◆ **Activity**
Below are the records; print them again exactly and omit the pictures.

◆ **Input data**
*** Block opens ***
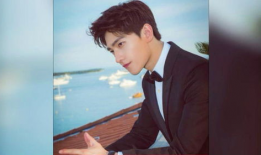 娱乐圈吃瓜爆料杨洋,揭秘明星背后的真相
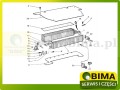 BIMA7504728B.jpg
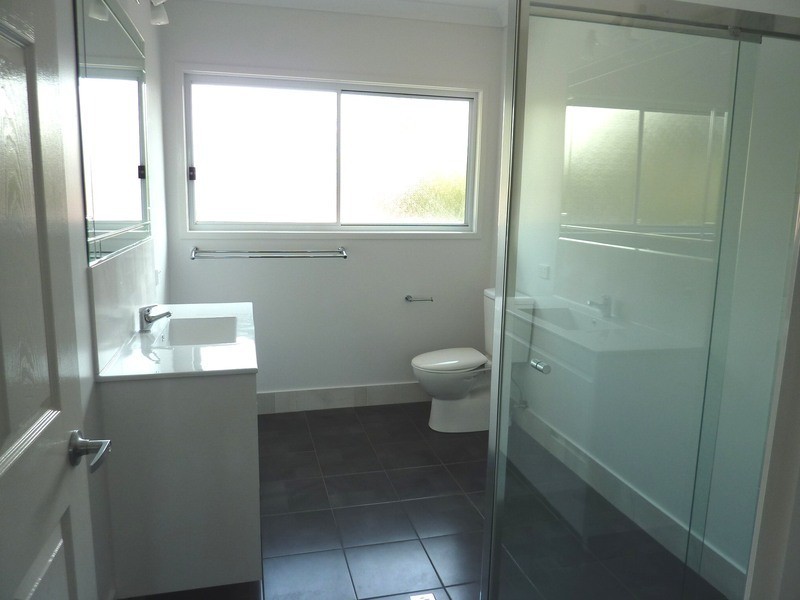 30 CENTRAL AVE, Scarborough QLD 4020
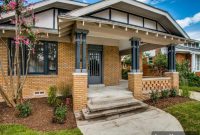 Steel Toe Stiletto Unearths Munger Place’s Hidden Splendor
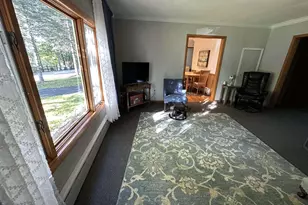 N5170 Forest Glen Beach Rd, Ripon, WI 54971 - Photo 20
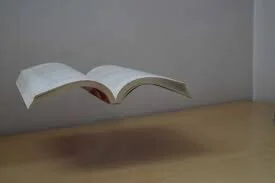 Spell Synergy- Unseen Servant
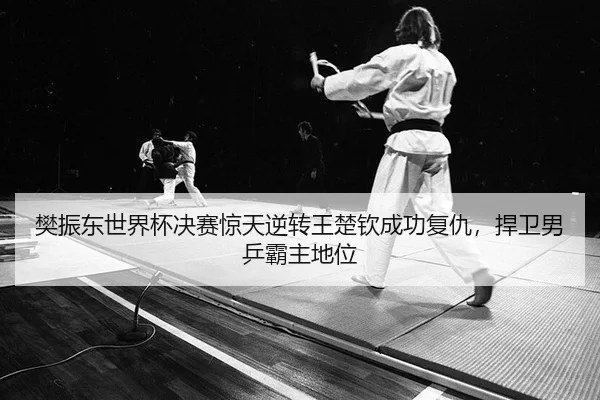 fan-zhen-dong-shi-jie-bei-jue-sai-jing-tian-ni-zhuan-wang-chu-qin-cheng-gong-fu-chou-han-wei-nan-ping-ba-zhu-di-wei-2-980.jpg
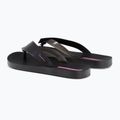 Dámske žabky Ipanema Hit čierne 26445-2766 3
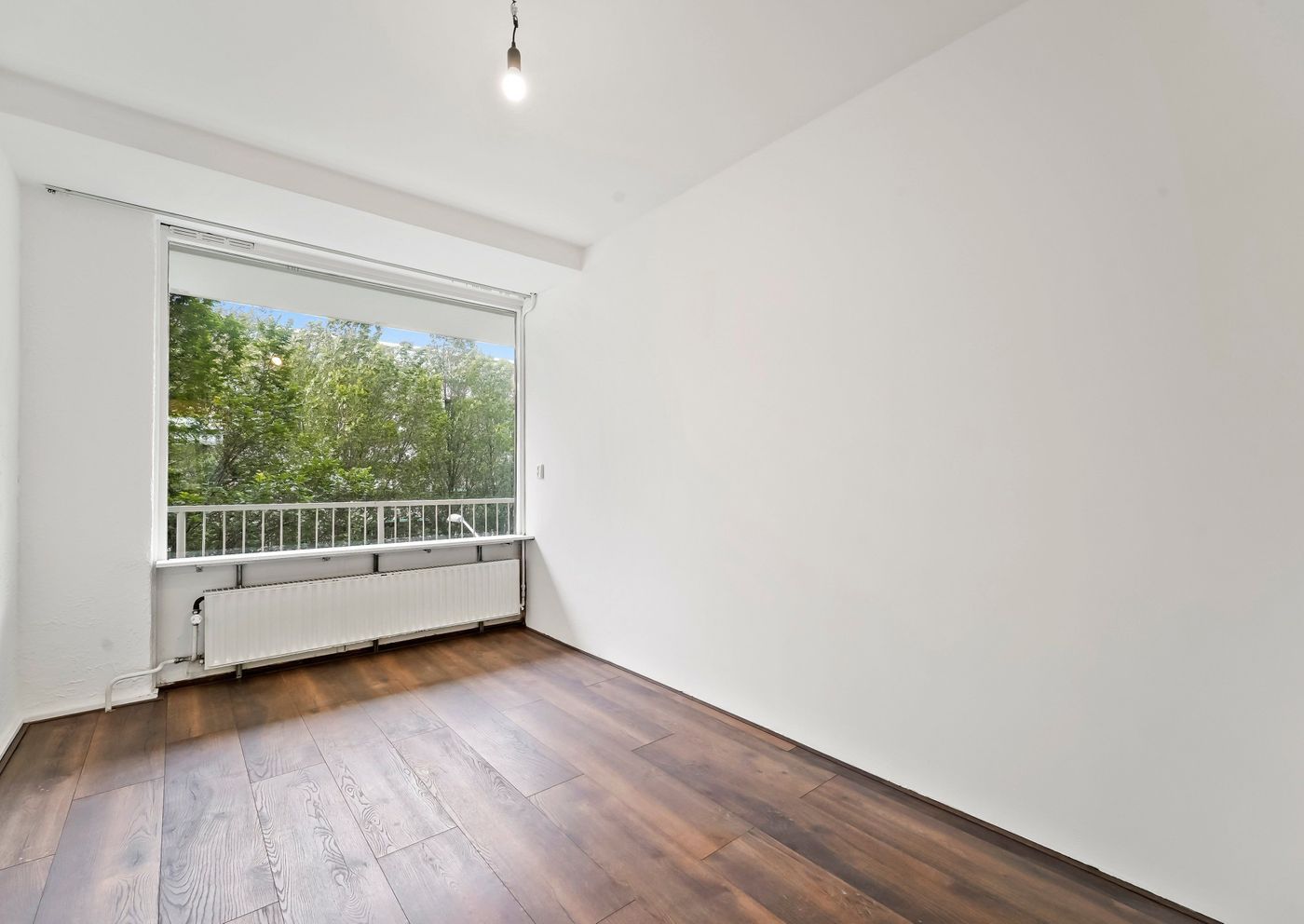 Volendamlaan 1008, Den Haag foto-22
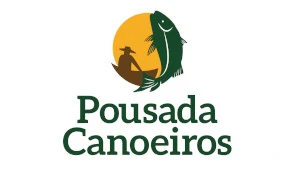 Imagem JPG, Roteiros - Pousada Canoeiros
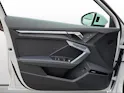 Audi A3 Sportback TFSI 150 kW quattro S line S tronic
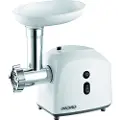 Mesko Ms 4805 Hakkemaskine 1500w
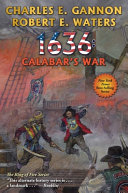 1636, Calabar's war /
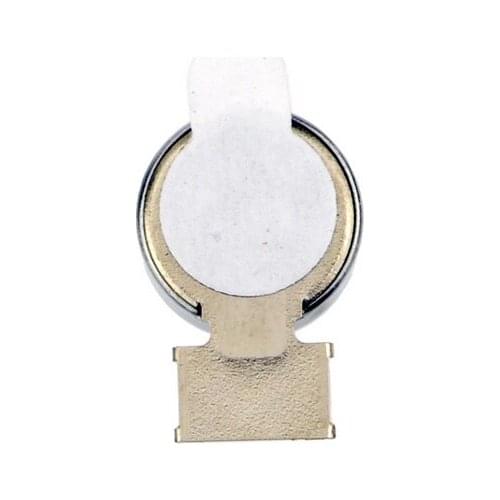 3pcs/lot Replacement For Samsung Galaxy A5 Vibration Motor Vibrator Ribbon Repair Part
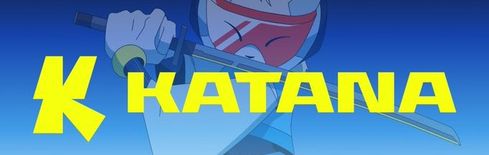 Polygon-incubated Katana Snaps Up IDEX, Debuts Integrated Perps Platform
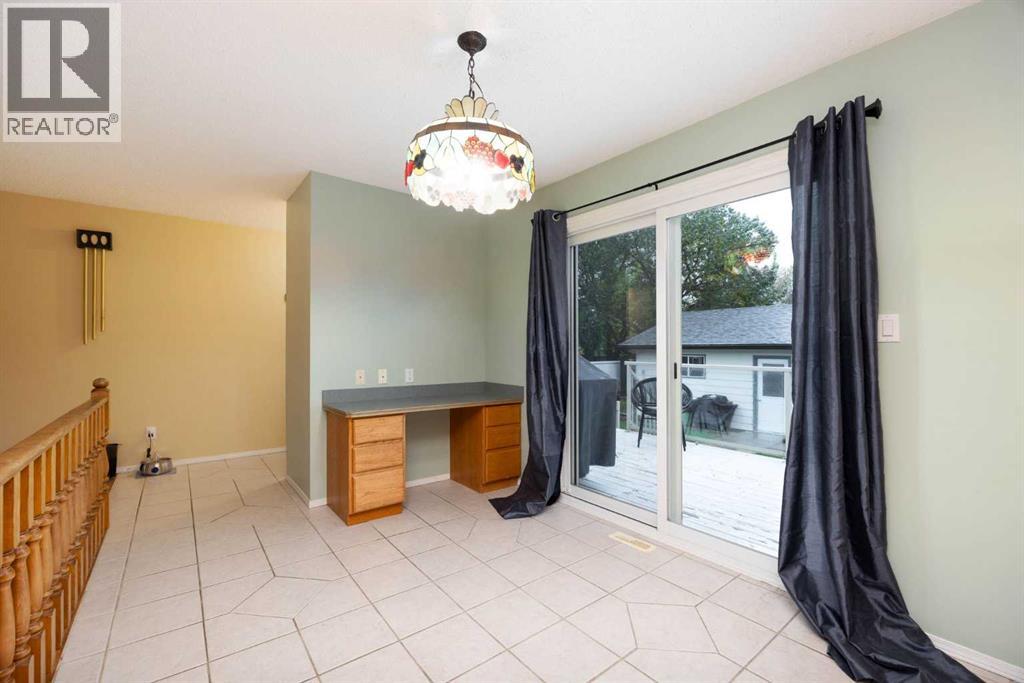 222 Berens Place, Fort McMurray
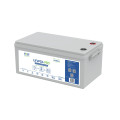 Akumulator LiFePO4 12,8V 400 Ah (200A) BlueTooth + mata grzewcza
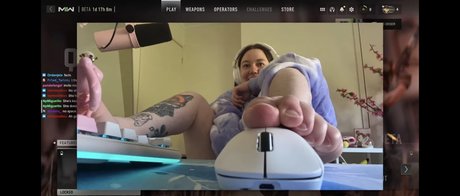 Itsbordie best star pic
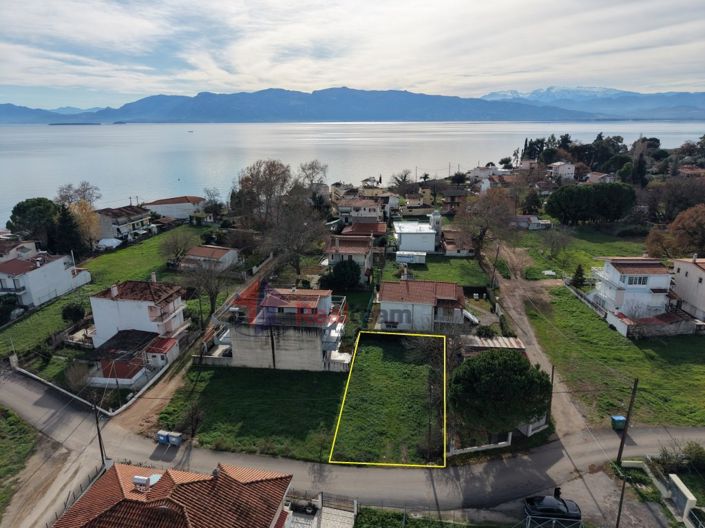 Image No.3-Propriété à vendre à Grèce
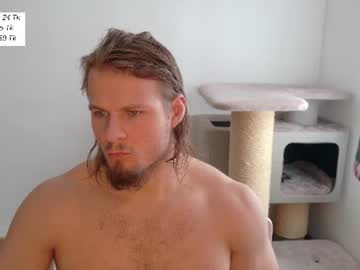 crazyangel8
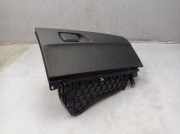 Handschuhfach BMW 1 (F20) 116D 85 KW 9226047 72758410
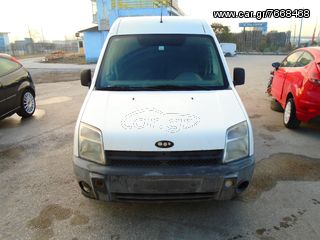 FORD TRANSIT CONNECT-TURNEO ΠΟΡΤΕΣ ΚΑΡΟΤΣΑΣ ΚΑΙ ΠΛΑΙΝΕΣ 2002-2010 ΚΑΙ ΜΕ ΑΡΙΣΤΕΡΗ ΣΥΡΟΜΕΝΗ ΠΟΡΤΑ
*** Block closes ***
◆ **Exercise solution**
 娱乐圈吃瓜爆料杨洋,揭秘明星背后的真相
 BIMA7504728B.jpg
 30 CENTRAL AVE, Scarborough QLD 4020
 Steel Toe Stiletto Unearths Munger Place’s Hidden Splendor
 N5170 Forest Glen Beach Rd, Ripon, WI 54971 - Photo 20
 Spell Synergy- Unseen Servant
 fan-zhen-dong-shi-jie-bei-jue-sai-jing-tian-ni-zhuan-wang-chu-qin-cheng-gong-fu-chou-han-wei-nan-ping-ba-zhu-di-wei-2-980.jpg
 Dámske žabky Ipanema Hit čierne 26445-2766 3
 Volendamlaan 1008, Den Haag foto-22
 Imagem JPG, Roteiros - Pousada Canoeiros
 Audi A3 Sportback TFSI 150 kW quattro S line S tronic
 Mesko Ms 4805 Hakkemaskine 1500w
 1636, Calabar's war /
 3pcs/lot Replacement For Samsung Galaxy A5 Vibration Motor Vibrator Ribbon Repair Part
 Polygon-incubated Katana Snaps Up IDEX, Debuts Integrated Perps Platform
 222 Berens Place, Fort McMurray
 Akumulator LiFePO4 12,8V 400 Ah (200A) BlueTooth + mata grzewcza
 Itsbordie best star pic
 Image No.3-Propriété à vendre à Grèce
 crazyangel8
 Handschuhfach BMW 1 (F20) 116D 85 KW 9226047 72758410
 FORD TRANSIT CONNECT-TURNEO ΠΟΡΤΕΣ ΚΑΡΟΤΣΑΣ ΚΑΙ ΠΛΑΙΝΕΣ 2002-2010 ΚΑΙ ΜΕ ΑΡΙΣΤΕΡΗ ΣΥΡΟΜΕΝΗ ΠΟΡΤΑ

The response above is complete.